Finally, don't overlook the obvious.
Keep spares around to replace blown monitors, systems and keyboards.
All critical peripherals should be networked devices under central control.
For example, a modem for dial out may be critical for a given job
function.
Think twice about placing it on someone's desk where it is sure to fail
at some point and prove impossible to back up. Instead, place it on the
network and physically locate it in a nice rack in the computer room where
your fault tolerant LAN and redundant local exchange carrier's service can
get at it.
Forget about diskettes! Get a real backup scheme. What happens if your users
indeed do the backup. Who is responsible for locating the diskettes and
applying them? So, investigate backup software systems, make a selection,
make backup network based, use off-site storage and ...
backup and test!!
Make sure that all users know their responsibilities, whether that means
not introducing un-certified software or not storing their data outside
the backup scheme.
Network
Wiring
Everything starts with those cables behind your desk and in the walls.
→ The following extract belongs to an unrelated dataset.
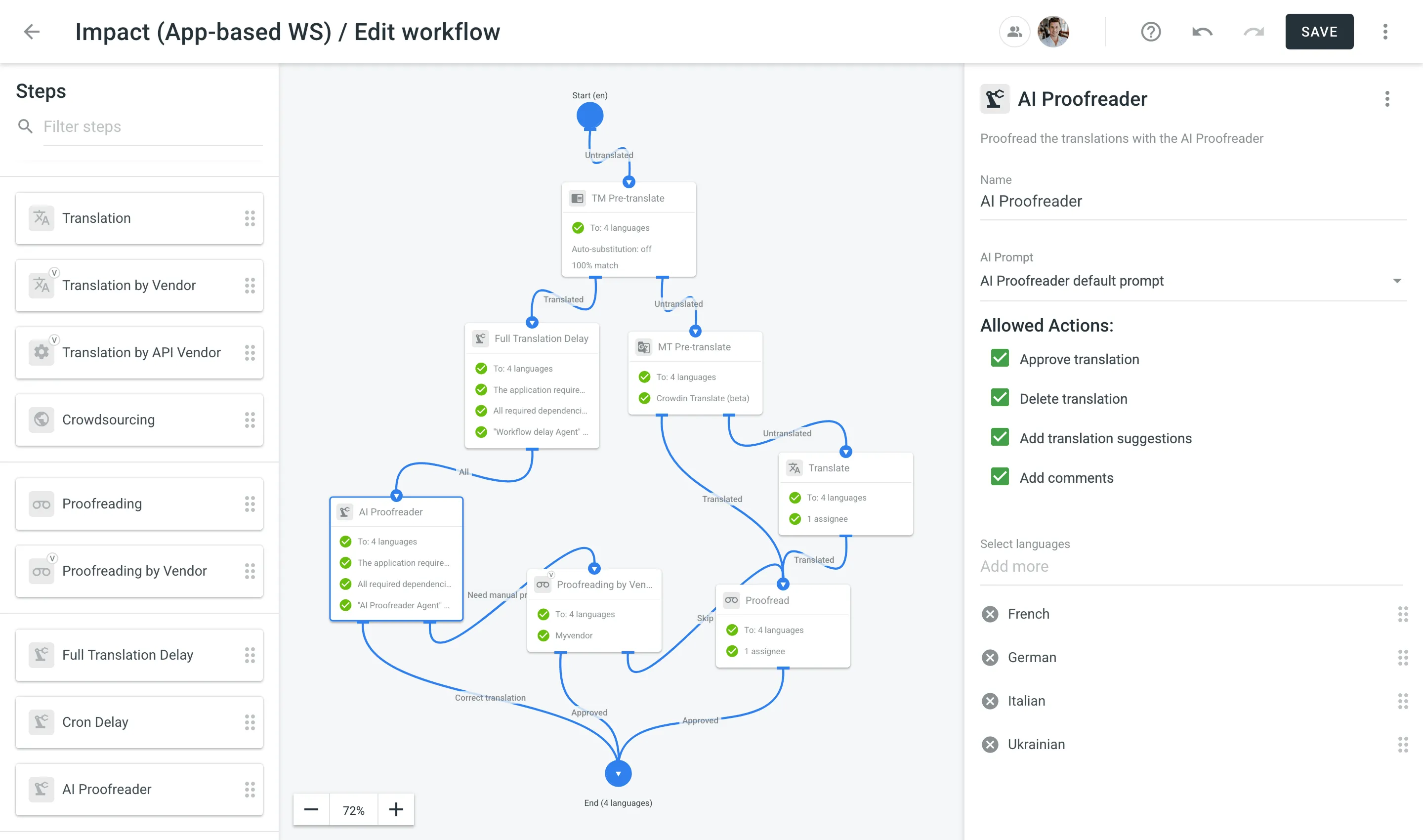 App-based Workflow Steps in the workflow editor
You can think of a cable plan in stages:
What type of cable to buy
How much cable to buy
Where to put the cable
How to connect the cable
What to plug it into
How to remember where you put all that cable
We will look at the considerations that apply to fault tolerance in terms
of the components that make up a structured cable system. What's a structured
cable system? The keywords are structured and system. If you are afraid
to go into the wiring closet in your site, its probably not a good idea
to build a system you will have to bet the farm on.
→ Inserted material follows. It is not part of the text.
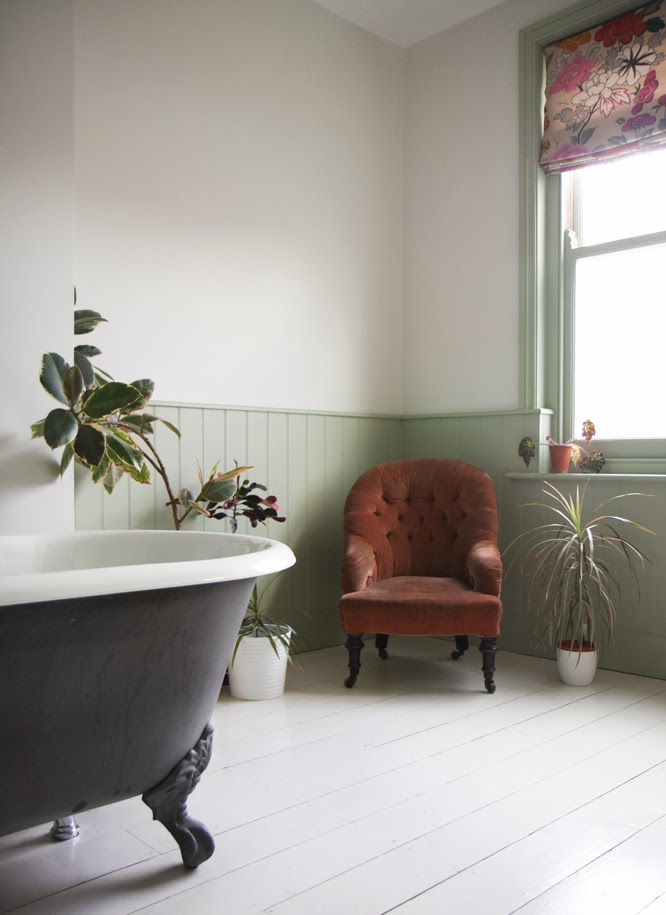 Victorian nursing chair in our bath room by Alexis at www.somethingimade.co.uk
For typical corporate networks we can make several safe recommendations
as they apply to fault tolerance.
Cabling should outlast the system you are installing. Wiring vendors are
even offering 10 year warranties on sites that implement their products
from end to end. This means that all your cables, connectors, outlets and
patch panels all comply with a given standard. Testing a circuit shoul
d
include testing through the patch panel or other connections since this
is how your cable will be used in production. It means that the resulting
cable plant responds predictably to cable testing and that jacks and terminations
have the same pinouts.
Please forget about any of that coax stuff you have laying around. Use a
standard hub design. Instantly, you eliminate segment outages caused by
a single device beaconing or jabbering.
Wire all the runs from the wiring closets to the desktop with Category 5
unshielded twisted pair wire, for both voice and data. You may save a little
using Category 3 for voice, but the cost of smashing out walls and re-cabling
later will dwarf the short term savings.
Don't cut corners. Cable problems introduce insidiously hard problems to
track on the network. Hard problems take longer to fix. Problems that take
a long time to fix can run up astronomical outage expenses.
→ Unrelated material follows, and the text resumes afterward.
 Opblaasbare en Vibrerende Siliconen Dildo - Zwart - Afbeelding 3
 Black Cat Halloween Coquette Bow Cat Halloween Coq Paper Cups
Use more cable than you think you will need. A quick rule of thumb for moves
and changes is to plan on moving people, not network equipment and certainly
not wiring. Therefore, the number of data and voice jacks to place at every
cubicle is equal to what the most demanding group in the facility needs.
For example, if 90 percent of the users need a single PBX phone line and
a single LAN connection and 10 percent need two LAN connections, a PBX line
and an analog line, make sure that everyone gets outlets and cables for
all four connections, not two.
You can often add wiring between floors, but you rarely can add horizontal
cable behind the walls on a floor, so don't skimp. This extra cable gives
you flexibility to move equipment and people if a disaster affecs part of
the building. In the event of a cable problem, the uniformity of using Category
5 horizontal for both voice and data will pay off since you can use a patch
panel to move usage from data to voice and back. A modular system helps,
too. For example, AMP allows you to exchanger
RJ11 jacks for RJ45 jacks
at the wall plate without tearing the plate apart and re-wiring.
Stagger or stripe cable across departments. This is similar in concept to
RAID striping. RAID devices take a byte of data and spread it across multiple
disk drives. What we are recommending is taking the floor plan and distributing
adjacent desktops among different, separate cable components. In this way
a given department will not be completely wiped out by a LAN segment outage.
This means that people sitting next to each other should not be on the same
LAN segment.
This implies that no matter how small the installation, we plan on establishing
at least two LAN segments. If we go for the maximum LAN redundancy - two
LAN connections for every workstation - the same principle applies. Each
of the two drops is connected a different LAN segment.
This strategy is impossible without accurate records. You must ensure that
each jack and patch panel has labels for each of its outlets, whether they
are connected to horizontal or vertical cabling. You must have a list of
which jacks are on which LAN segments. Consider getting cable management
software with which to maintain the configuration of your cable routing,
termination and labeling. If you do, make sure that it is accessible to
everyone who maintains the cable and patch panels. The cable management
system should contain your entire original design and should be updated
with all changes.
Use fiber to extend your data runs from the closets to your main distribution
frame, e.g. your highest level hub. Copper just can't beat the reliability
and resilience of fiber. Use twice the number of fiber strands you think
you will need today. Tomorrow's segmentation needs will lower the number
of nodes per segment, and you will need those strands for more hubs.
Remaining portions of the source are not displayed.